SOURCE MATERIAL
>>

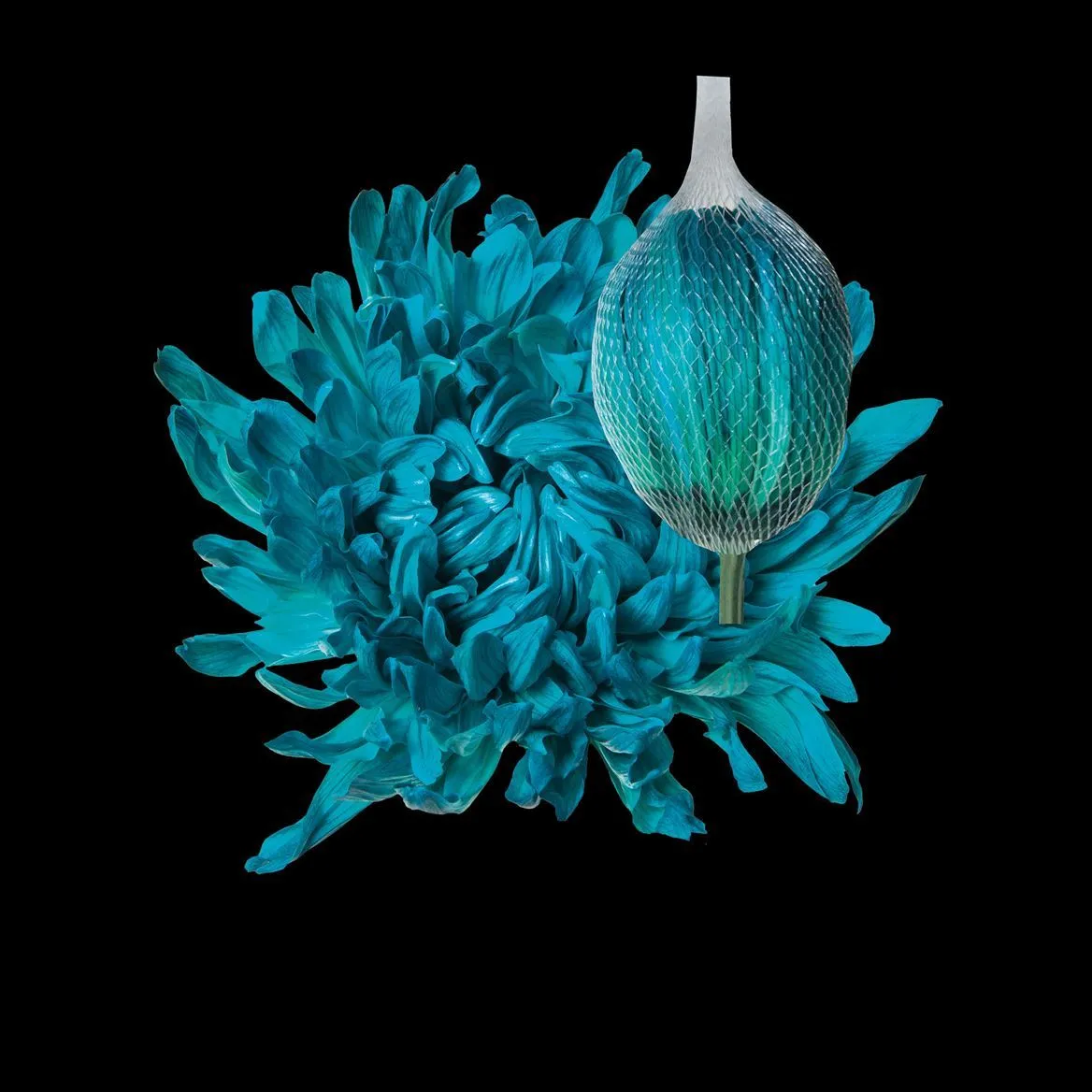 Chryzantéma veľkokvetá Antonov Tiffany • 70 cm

<<
>>

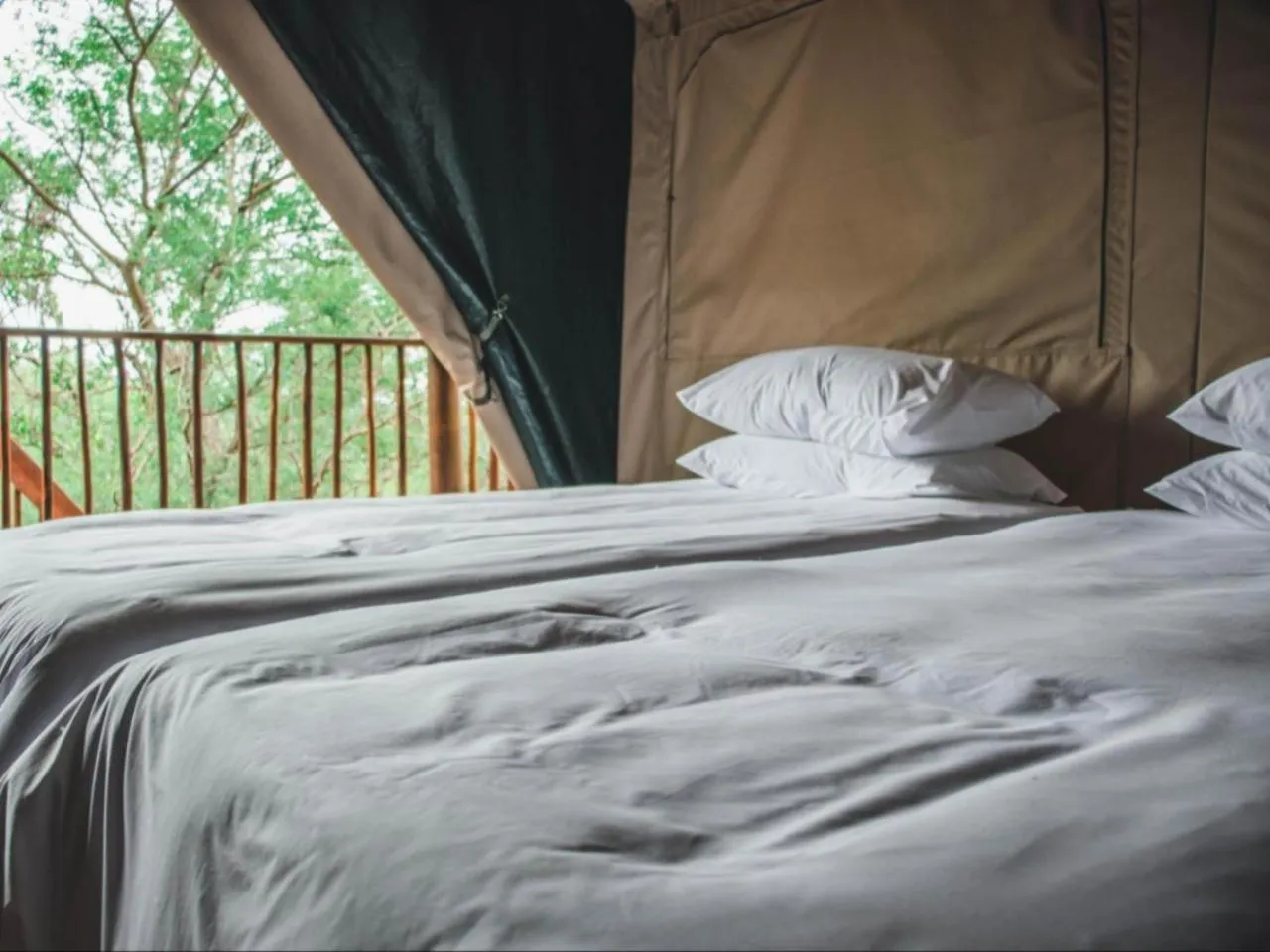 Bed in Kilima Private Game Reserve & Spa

<<
>>

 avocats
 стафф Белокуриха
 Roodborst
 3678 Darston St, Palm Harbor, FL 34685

<<

DIRECTIONS FOR THIS TASK
In the listing above, find the line containing "стафф Белокуриха" and the line containing "3678 Darston St, Palm Harbor, FL 34685", then quote both, plus every line between them, exactly as written.

ANSWER BELOW
 стафф Белокуриха
 Roodborst
 3678 Darston St, Palm Harbor, FL 34685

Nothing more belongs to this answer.